Confidence score: 7/10
JSON Early
json_prompt = """
Analyze the following market update and return the response in this JSON format:
{
"summary": "2-line market overview",
"companies": [
{
"name": "string",
"sentiment": "positive | negative | neutral",
"opportunities": ["list of opportunities"],
"risks": ["list of risks"]
}
],
"confidence_score": "integer (0-10)"
}
Market Text:
Tesla's Q2 earnings beat expectations due to higher Model Y sales, but rising competition from BYD is a risk.
Apple reported steady revenue growth driven by iPhone sales, but services revenue slightly declined.
Amazon's AWS division continues to dominate cloud computing, though regulatory scrutiny in Europe is increasing.
"""
response_json = client.chat.completions.create(
model="gpt-5",
messages=[
{"role": "system", "content": "You are a precise assistant that always outputs valid JSON."},
{"role": "user", "content": json_prompt}
]
)
json_output = response_json.choices[0].message.content
print(json_output)
{
"summary": "Markets saw mixed corporate updates: Tesla beat expectations on strong Model Y sales and AWS maintained cloud leadership.nHowever, Apple's growth was tempered by softer services revenue while Tesla and AWS face competition and regulatory risks.",
"companies": [
{
"name": "Tesla",
"sentiment": "positive",
"opportunities": [
"Leverage strong Model Y demand to drive revenue and scale production",
"Sustain earnings momentum from better-than-expected Q2 results"
],
"risks": [
"Intensifying competition from BYD",
"Potential price pressure impacting margins"
]
},
{
"name": "Apple",
"sentiment": "neutral",
"opportunities": [
"Build on steady iPhone-driven revenue growth",
"Revitalize Services to reaccelerate growth"
],
"risks": [
"Slight decline in services revenue",
"Reliance on iPhone as the primary growth driver"
]
},
{
"name": "Amazon (AWS)",
"sentiment": "positive",
"opportunities": [
"Capitalize on cloud leadership to win new enterprise workloads",
"Expand higher-margin managed services and deepen customer spend"
],
"risks": [
"Increasing regulatory scrutiny in Europe",
"Potential compliance costs or operational restrictions"
]
}
],
"confidence_score": 8
}
The fast-formed Form produced a useful summary but had no structure, providing the model too much liberty and making it difficult to round or combine the boundaries with information or combination.

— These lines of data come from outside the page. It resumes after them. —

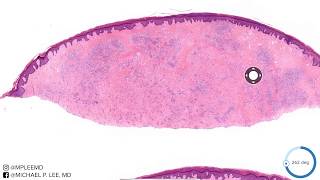 Erythema Elevatnum Diutnem Rare form of vasculitis Dermpath Made Easy [upl. by Little]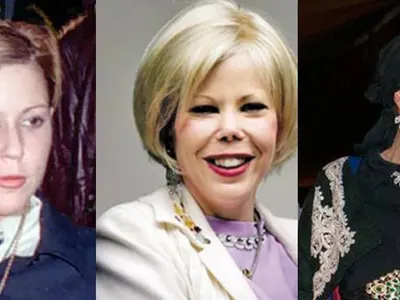 Пластичният ужас на звездите! Дарина Павлова и Княгиня Калина най-големите жертви на скалпела (Вижте и други + СНИМКИ)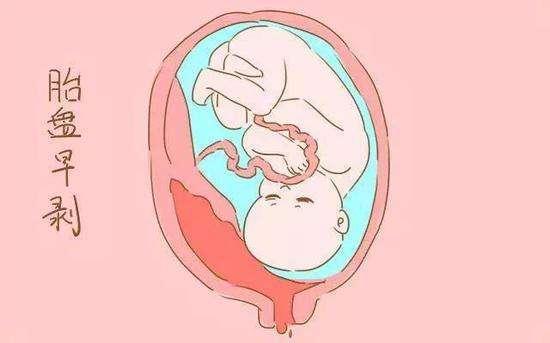胎盘位于子宫前壁是什么意思(胎盘位于子宫前壁及宫底)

On the contrary, JSON's outcome is not easy to easily easily process the low process – Dashboard, automated alerts, or data pipes – but also confirm the admission of answers. By explaining the fields before, users successfully directed the model to bring exactly what they need, reduces understanding and improving honesty. Look Full codes here.
JSON Trive Treptates templates dreptate, speed, and clean cleaning.

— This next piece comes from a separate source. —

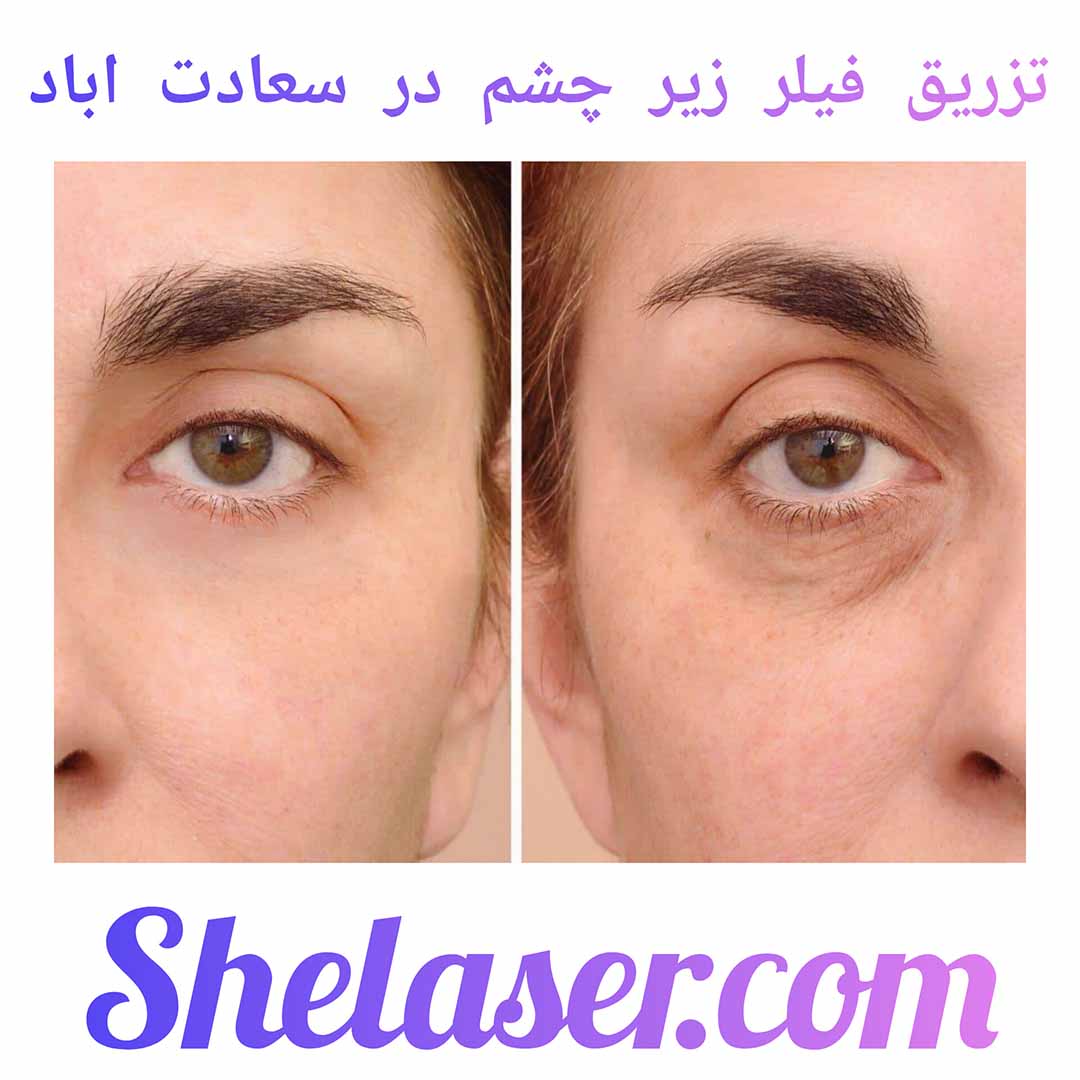 تزریق فیلر زیر چشم در سعادت اباد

By describing the formal fields before, groups can produce consistent, formal-readable results, data connects, details, or applications, or apps without manual formatting. This estimating is not limited to accelerating the work of work but also confirms the reliable, repetitive effects, making partnerships and seamstream in all projects.


Look Full codes here and notes. Feel free to look our GITHUB page for tutorials, codes and letters of writing. Also, feel free to follow it Sane and don't forget to join ours 100K + ml subreddit Then sign up for Our newspaper.

I am the student of the community engineering (2022) from Jamia Millia Islamia, New Delhi, and I am very interested in data science, especially neural networks and their application at various locations.